■ EXERCISE INSTRUCTIONS ■
Check each line below for "Gray" and say how many have it, with no other words.

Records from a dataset
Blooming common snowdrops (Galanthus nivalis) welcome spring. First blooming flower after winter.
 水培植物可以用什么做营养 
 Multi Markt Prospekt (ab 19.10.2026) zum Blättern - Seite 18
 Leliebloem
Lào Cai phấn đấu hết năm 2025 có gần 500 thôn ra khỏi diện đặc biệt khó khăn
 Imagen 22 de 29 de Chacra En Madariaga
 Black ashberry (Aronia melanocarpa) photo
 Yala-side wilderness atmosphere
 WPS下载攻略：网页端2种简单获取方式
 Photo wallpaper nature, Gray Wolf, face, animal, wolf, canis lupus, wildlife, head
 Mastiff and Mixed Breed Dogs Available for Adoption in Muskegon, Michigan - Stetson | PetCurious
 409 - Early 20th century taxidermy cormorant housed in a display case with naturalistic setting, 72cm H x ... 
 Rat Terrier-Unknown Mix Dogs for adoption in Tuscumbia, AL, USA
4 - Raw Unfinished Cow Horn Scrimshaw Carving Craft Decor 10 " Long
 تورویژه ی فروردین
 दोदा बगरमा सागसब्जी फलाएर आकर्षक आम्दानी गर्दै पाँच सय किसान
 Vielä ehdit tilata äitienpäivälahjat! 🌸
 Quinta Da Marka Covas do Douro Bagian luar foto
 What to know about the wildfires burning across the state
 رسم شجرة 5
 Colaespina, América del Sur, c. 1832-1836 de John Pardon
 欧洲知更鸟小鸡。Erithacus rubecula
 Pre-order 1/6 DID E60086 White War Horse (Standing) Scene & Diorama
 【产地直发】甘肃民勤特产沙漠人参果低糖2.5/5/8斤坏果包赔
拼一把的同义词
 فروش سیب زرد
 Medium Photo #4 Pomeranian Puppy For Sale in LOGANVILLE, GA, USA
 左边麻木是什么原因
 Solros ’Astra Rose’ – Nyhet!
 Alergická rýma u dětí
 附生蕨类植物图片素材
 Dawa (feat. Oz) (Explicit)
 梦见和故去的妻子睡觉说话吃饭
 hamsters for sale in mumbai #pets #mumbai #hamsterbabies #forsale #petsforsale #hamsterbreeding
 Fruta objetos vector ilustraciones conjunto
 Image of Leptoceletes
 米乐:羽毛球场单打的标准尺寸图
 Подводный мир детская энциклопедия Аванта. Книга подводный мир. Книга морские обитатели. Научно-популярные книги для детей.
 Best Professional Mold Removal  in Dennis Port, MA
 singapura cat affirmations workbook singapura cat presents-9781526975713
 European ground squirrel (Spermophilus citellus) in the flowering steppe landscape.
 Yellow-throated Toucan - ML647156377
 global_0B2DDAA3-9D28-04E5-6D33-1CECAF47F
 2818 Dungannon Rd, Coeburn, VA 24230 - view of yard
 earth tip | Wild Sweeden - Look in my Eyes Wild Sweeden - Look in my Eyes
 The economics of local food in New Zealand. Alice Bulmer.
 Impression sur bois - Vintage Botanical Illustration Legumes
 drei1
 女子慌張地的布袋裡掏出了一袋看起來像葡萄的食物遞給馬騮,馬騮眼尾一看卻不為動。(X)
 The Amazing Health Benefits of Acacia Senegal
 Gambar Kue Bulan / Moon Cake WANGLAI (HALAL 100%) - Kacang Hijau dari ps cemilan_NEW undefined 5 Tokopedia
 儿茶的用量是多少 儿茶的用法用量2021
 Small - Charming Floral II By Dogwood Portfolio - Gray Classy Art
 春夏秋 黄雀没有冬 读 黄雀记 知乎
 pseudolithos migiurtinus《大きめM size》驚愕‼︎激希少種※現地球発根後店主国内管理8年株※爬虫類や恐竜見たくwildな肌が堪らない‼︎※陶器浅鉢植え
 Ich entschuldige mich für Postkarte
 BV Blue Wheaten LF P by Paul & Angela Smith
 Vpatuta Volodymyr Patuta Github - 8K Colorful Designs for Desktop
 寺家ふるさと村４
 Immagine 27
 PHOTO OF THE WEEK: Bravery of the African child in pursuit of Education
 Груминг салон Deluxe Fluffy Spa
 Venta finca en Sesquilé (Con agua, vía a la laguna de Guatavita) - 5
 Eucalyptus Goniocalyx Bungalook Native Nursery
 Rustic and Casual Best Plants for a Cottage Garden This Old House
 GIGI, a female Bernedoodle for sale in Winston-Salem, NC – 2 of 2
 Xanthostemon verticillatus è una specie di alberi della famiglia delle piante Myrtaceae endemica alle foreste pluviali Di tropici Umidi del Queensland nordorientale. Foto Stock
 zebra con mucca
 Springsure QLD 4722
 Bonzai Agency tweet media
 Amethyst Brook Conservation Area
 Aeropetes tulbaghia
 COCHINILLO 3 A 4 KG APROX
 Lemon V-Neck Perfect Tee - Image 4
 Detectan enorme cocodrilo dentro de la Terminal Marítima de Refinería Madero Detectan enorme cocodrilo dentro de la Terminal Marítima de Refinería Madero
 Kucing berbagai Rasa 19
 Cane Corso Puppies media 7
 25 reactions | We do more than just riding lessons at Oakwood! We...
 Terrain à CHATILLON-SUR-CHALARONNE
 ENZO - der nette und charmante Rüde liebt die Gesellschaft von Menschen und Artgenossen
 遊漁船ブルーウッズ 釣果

■ TASK RESULT ■
2